Florence P. Stockton

Gabriel Bumpas Stockton

The Bumpas Family From Person County, North Carolina., 1972, complied by Anne Shirley Bumpas and James Richard Townsend, tells that James' and Gabriel's parents were Edward and Martha Bumpas, and that these sons were born in Person Co., N.C. They moved to South Carolina around 1798, and Drs. James and Gabriel Bumpas headed a colony of 50 or more from South Carolina about 1809, to become early settlers of Giles County, Tennessee. James spent the remainder of his life in Tennessee, but Gabriel died in Alabama. James' wife, Sarah Franks Bumpas (1776-1865), was born in South Carolina. Along with her many family duties, she prepared herbs and other medicines needed in her husband's practice.

Three of the Bumpas daughters married and moved to Texas with their husbands; Emily and Douglas H. Stockton II were among them. Several years after James died, Sarah also decided to move to Texas where she lived with her daughter Harriet and William Chappell in Washington County. General Sam Houston was a neighbor and close friend who spent many evenings in this home talking with Wm. Chappell and "Mother Bumpas" (Sarah) about the problems of the Union and Texas' threat to secede. Sam was very opposed to the 1861 secession of Texas.

Carlyn Ring in For Bitters Only, 1980, considers Stockton's Port Wine Bitters bottles to be scarce.

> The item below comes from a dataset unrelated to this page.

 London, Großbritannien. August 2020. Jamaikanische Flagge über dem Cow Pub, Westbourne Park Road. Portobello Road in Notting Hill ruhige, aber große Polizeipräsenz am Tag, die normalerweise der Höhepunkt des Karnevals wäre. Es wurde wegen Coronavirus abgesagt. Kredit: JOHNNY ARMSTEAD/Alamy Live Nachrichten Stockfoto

Bill and Betty Wilson in 19th Century Medicine in Glass, 1971, state that William W. Stockton learned the wholesale liquor and wine business as a young man, working in his father's store in Santa Clara, Ca. When he inherited the business in 1882, he expanded the liquor department and sold the bitters on a local scale for a few years before giving sole agency to the large wholesale grocery house of Albert Man & Co. in San Francisco. They distributed it more widely, but the brand was never a good seller. In 1887, Stockton moved to San Francisco, where he suffered a series of setbacks due to illness, and operated a small cordials manufactory for a while. He died in 1900. Frank R. Quinn of the San Francisco public Library could find no additional information. The Santa Clara Co. Historical Genealogical Society wrote the N.H. Stockton and his brother Stephenson Pernell Stockton both had established vineyards in Santa Clara Co. They did not know which was the father of William W. Stockton.

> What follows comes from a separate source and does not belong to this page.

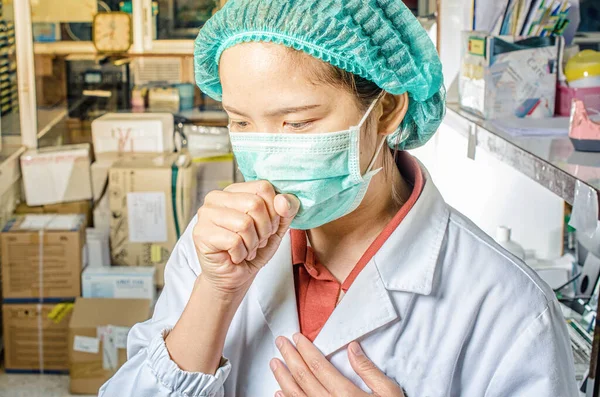 Laboratorio Tecnico Scienziato Sensazione Malessere Virus Influenzale Tosse Indossare Maschera — Foto Stock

Stockton's Port Wine Bitters Stockton Drug Co., Stockton, Cal.

They did find that Stephenson P. Stockton was born in 1830 in Alabama. Douglas Hayden II and Emily had 9 children, all born in Lawrenceburg, Tenn., from 1820 through 1836, but no sons with initials N.H. or S.P.

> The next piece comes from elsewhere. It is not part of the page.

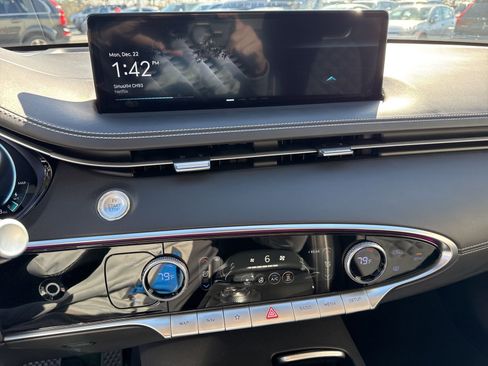 Used 2025 Genesis Electrified GV70 Advanced w/ Prestige Package image 26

The Stockton-San Joaquin County Library supplied information about the Stockton Drug Company. Peter H. Dentoni (1879-1937) and Joseph M. Campodonico (1876-?) founded the store on November 23, 1906. My bottle is bimal, which is evidence that the drugstores used bimal embossed prescription bottles well into this century. Mr. Campodonico's Central Pharmacy in San Francisco had been burned out by "the fire of 1906", probably meaning at the time of the devastating earthquake there on April 18, 1906. My father was born the next day in Texas, and that's how I remember the date of the earthquake. The last Stockton City Directory entry for the company went out of business of changed its name after that time. The address given was N.E. Cor. Main and Sutter St. They were listed as wholesale and retail.

Stockton was named by its founder, Captain Charles M. Weber, in honor of Commodore Robert Stockton of the U.S. Navy, and was chartered as a city in 1850.

My wife's great-great-great-grandfather on her father's side was Adlai Osborne (1744-1815). This same individual was also the presidential candidate Adlai E. Stevenson's great-great-great-uncle. My wife's father is very strongly republican and was not particularly impressed when we told him about this relationship.